In June 1964, Senator and Republican presidential nominee Barry Goldwater cast his vote against the Civil Rights Act of 1964, in a move that was partly based on principled constitutional conviction and partly on a failed political calculus. Far from a racist, Goldwater had encountered discrimination due to his Jewish heritage and had supported all previous federal civil rights legislation. However, he held that Titles II and VII in the new Civil Rights Act undermined both the constitutional principles of states’ rights to legislate on race and the rights of private persons to associate with whomever they please. He feared the prospect of an oppressive federal government ordering states around on private matters. As written in his defining work “The Conscience of a Conservative,” Goldwater believed “that the problem of race relations, like all social and cultural problems, is best handled by the people directly concerned … [and] change should not be effected by the engines of national power” despite his personal views for racial equality.
Goldwater placed a greater priority on states’ rights and freedom of association than racial equality, and as a result, suffered a landslide defeat in the 1964 presidential election. In his political calculus, Goldwater thought his views on civil rights would win over the South, upon which his presidential aspirations rested. His prediction turned out correct, but he underestimated the externalities of his view on civil rights – namely alienating and losing every state outside the South except his home state of Arizona.

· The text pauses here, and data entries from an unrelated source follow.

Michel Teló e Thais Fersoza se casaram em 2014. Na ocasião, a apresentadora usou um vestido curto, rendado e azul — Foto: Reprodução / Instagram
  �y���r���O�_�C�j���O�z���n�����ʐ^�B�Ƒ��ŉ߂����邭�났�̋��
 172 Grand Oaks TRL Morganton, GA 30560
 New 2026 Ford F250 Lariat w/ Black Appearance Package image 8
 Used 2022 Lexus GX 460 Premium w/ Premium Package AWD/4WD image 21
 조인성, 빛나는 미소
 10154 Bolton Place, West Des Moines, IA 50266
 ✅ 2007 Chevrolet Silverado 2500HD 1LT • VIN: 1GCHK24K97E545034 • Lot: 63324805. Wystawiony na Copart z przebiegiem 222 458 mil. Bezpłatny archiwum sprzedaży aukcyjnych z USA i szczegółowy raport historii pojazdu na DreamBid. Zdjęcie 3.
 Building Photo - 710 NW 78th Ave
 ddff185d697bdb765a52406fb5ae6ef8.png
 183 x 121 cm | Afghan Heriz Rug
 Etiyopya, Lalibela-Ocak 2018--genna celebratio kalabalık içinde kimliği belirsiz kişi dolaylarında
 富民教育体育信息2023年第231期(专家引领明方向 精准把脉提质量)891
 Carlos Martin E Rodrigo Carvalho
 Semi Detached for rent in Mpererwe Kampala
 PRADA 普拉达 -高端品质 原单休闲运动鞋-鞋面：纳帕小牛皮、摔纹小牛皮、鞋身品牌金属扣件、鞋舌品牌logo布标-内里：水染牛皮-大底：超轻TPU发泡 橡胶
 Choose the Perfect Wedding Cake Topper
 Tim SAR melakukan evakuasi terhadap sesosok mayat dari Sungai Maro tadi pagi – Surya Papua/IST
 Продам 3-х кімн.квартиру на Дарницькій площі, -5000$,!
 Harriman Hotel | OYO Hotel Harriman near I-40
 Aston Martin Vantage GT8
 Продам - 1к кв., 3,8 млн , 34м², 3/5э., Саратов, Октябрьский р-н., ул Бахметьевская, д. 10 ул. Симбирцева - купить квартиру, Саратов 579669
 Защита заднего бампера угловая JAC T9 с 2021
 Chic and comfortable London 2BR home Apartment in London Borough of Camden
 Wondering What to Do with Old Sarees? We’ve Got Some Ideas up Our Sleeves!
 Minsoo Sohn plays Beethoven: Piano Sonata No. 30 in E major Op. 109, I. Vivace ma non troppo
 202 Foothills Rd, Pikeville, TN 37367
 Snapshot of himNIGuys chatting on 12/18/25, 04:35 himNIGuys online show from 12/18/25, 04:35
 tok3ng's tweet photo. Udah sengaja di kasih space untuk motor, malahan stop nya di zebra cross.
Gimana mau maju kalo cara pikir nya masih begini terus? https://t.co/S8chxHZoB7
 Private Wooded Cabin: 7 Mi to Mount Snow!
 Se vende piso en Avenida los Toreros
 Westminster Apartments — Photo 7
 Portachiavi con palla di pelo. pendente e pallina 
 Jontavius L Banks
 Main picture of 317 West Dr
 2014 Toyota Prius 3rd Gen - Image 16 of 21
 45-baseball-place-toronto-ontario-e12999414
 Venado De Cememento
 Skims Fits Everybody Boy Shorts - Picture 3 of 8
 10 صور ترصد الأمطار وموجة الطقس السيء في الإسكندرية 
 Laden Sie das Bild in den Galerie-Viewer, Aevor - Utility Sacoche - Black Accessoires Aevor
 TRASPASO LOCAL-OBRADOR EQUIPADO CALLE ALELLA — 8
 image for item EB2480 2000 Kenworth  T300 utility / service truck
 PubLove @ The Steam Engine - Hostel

This happened because Goldwater’s political views were not only against the side of civil rights, but against statistics as well. In a 1963 National Opinion Research Center poll, 79% of white Americans stated they were for transportation integration, 73% were for integration in public places, and 65% were for school integration. These were all huge upticks on the same poll as done in 1942, where only 45% of white Americans were for transportation integration and only 32% were for school integration.
Just as public opinion on racial integration steadily progressed between 1942 and 1963, so too has public opinion on gay marriage over the past 10 years, a trend that is bound to continue. In the past ten years, according to a yearly Gallup poll, the number of Americans in favor of same-sex marriage with equal rights has steadily increased from 42% to 54%. It doesn’t take a psychic to see that support for same-sex marriage is only going to increase.
These statistics get right to the thesis of this essay: For civil rights issues, it is better for party platforms and candidates to err on the side of equality than states’ rights, especially in the long run, as statistics show that public opinion on these issues only moves toward equality. Moreover, just as Goldwater’s stance on civil rights was against equality and against statistics, disadvantaging him in the 1964 election, the current GOP’s stance on gay marriage is against both as well, and will prevent its future success in elections.
While most potential 2016 Republican candidates are not homophobic, just as Goldwater wasn’t racist, and most generally espouse federalist principles for same-sex marriage, just as Goldwater did, it is bad policy for them to prioritize states’ rights over nation-wide equality in the long run. Reeling from two consecutive losses in the presidential election, the GOP cannot afford to alienate the now-majority of the population on the issue of gay marriage. Although a policy in favor of same-sex marriage would harbor much resentment among its constituency now, it is a better long-term move than pandering to less progressive states as public opinion slowly escapes from its grasp.
Goldwater learned this the hard way. The GOP should not squander the value of his failure as a learning experience.